_Description of the task_:
Only the lines below from the one containing "FYMNSI Toddler Baby" through the one containing "Musical Notes Phone" belong in the answer, set down exactly, with the pictures left out.

_Records to use_:

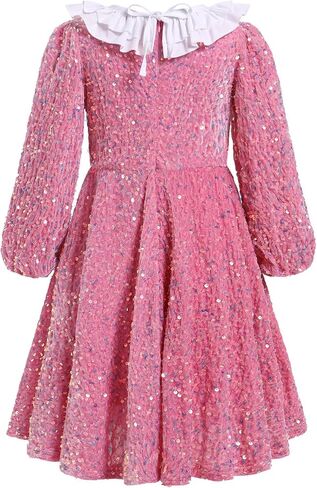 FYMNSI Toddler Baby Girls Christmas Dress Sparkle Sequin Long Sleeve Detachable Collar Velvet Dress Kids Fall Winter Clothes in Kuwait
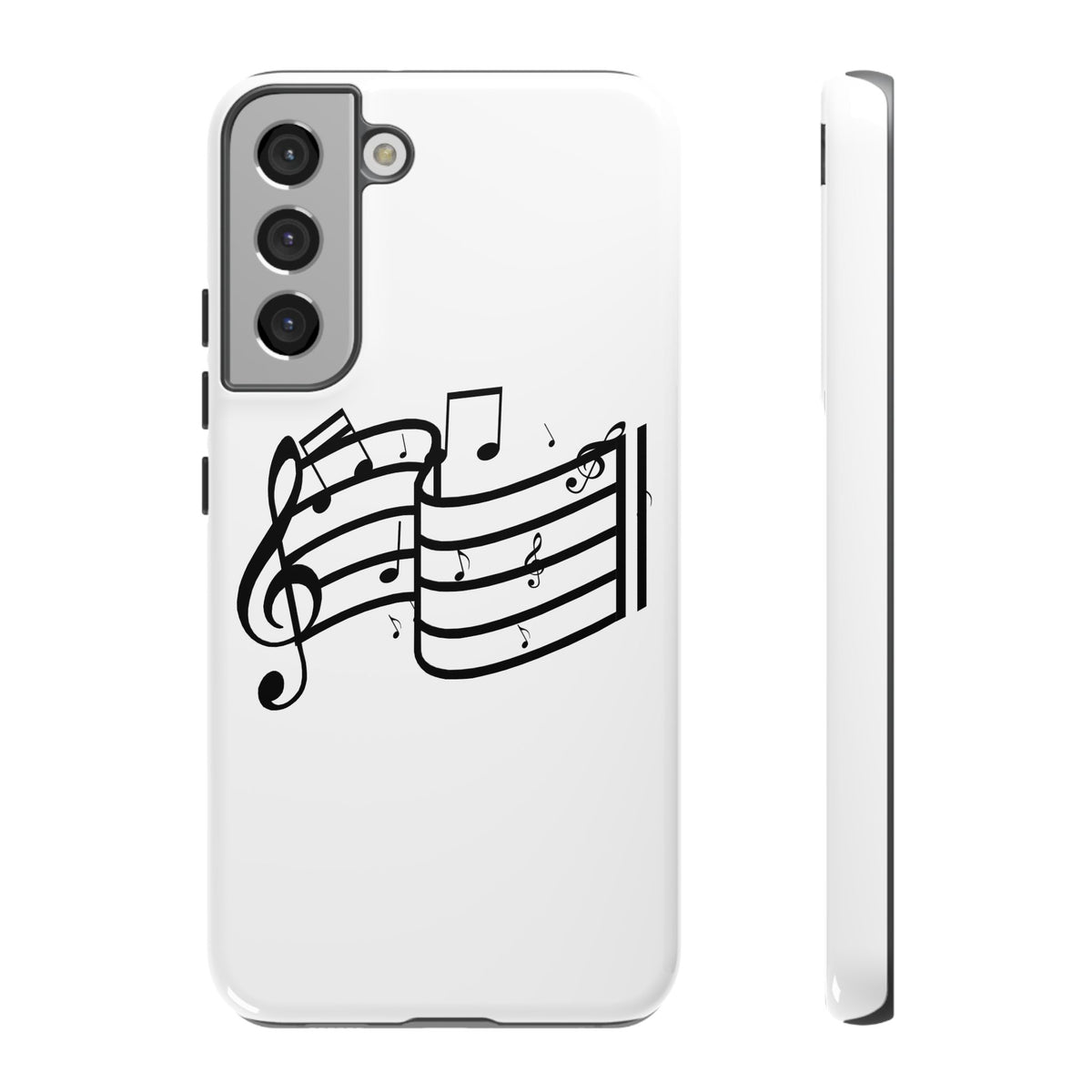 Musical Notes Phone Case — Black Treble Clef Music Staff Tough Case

* * *

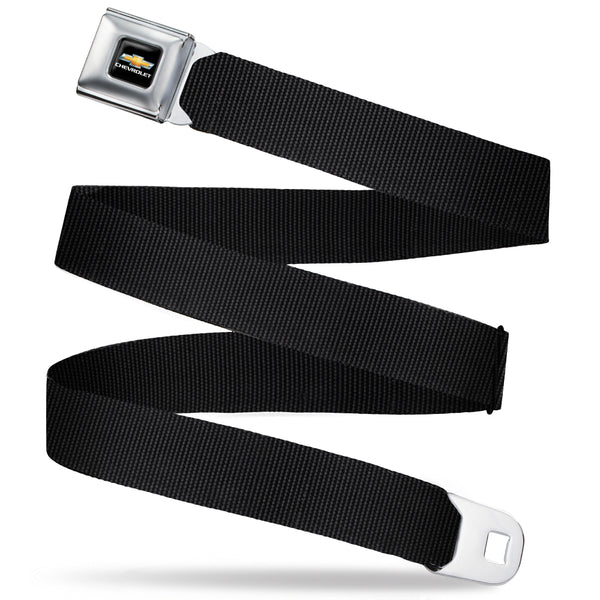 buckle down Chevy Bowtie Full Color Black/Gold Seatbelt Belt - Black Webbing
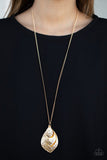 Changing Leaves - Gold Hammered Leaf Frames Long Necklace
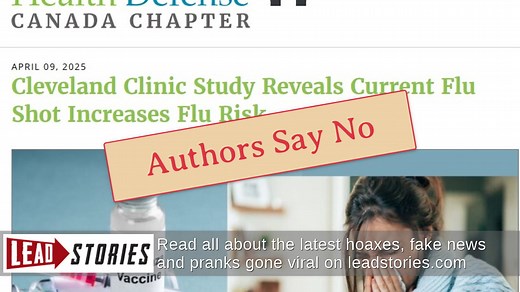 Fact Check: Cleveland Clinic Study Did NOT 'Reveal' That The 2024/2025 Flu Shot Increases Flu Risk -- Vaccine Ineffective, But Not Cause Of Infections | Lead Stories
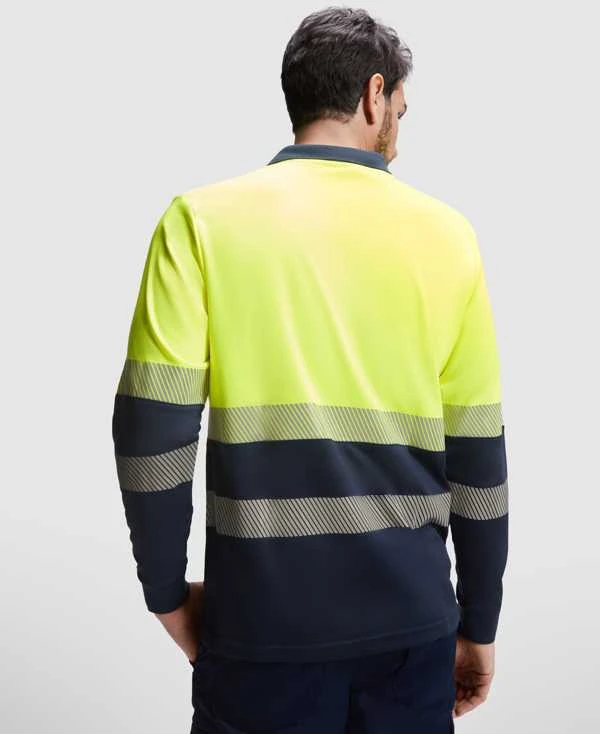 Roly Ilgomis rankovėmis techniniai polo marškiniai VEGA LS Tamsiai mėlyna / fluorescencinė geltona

==

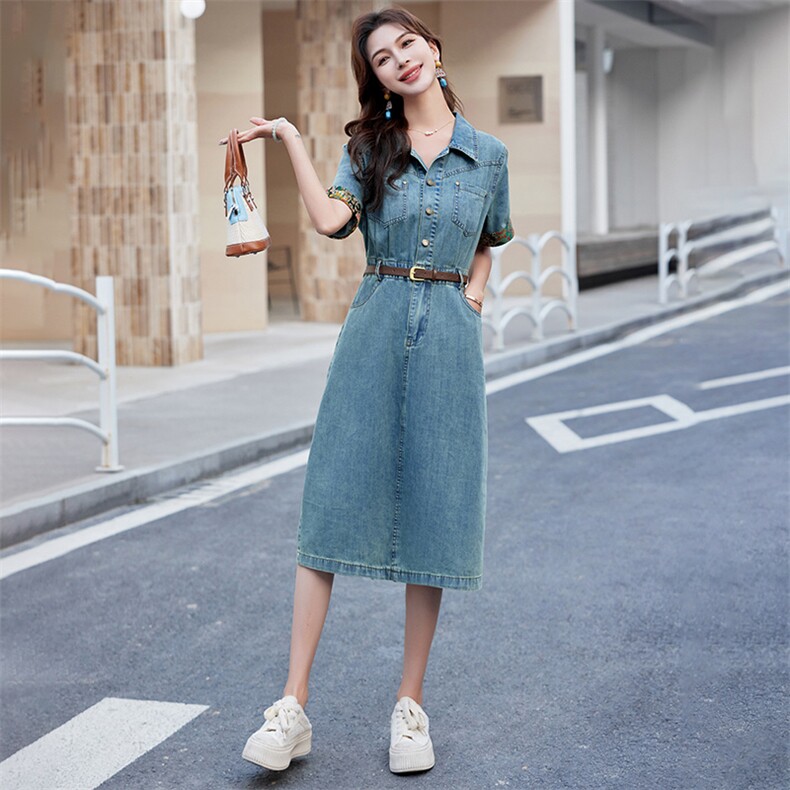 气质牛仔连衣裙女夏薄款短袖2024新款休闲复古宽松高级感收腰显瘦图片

_Exercise response_:
 FYMNSI Toddler Baby Girls Christmas Dress Sparkle Sequin Long Sleeve Detachable Collar Velvet Dress Kids Fall Winter Clothes in Kuwait
 Musical Notes Phone Case — Black Treble Clef Music Staff Tough Case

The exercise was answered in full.